▶ **RECORDS PROVIDED**:

—————

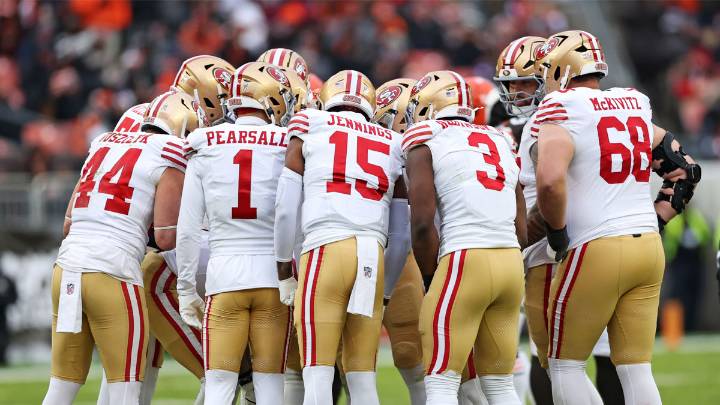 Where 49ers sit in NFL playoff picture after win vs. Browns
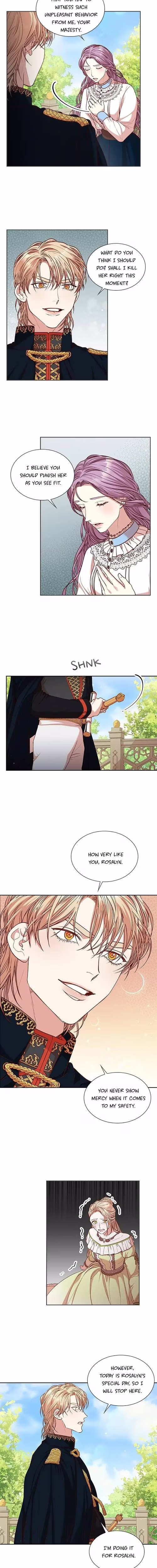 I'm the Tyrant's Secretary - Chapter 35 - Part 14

—————

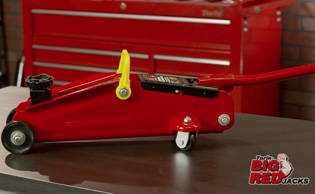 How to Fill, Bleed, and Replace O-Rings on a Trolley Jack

—————

Look above for the line with "Where 49ers sit" and copy exactly from it through the line with "I'm the Tyrant's", both included. Omit the pictures.

 Where 49ers sit in NFL playoff picture after win vs. Browns
 I'm the Tyrant's Secretary - Chapter 35 - Part 14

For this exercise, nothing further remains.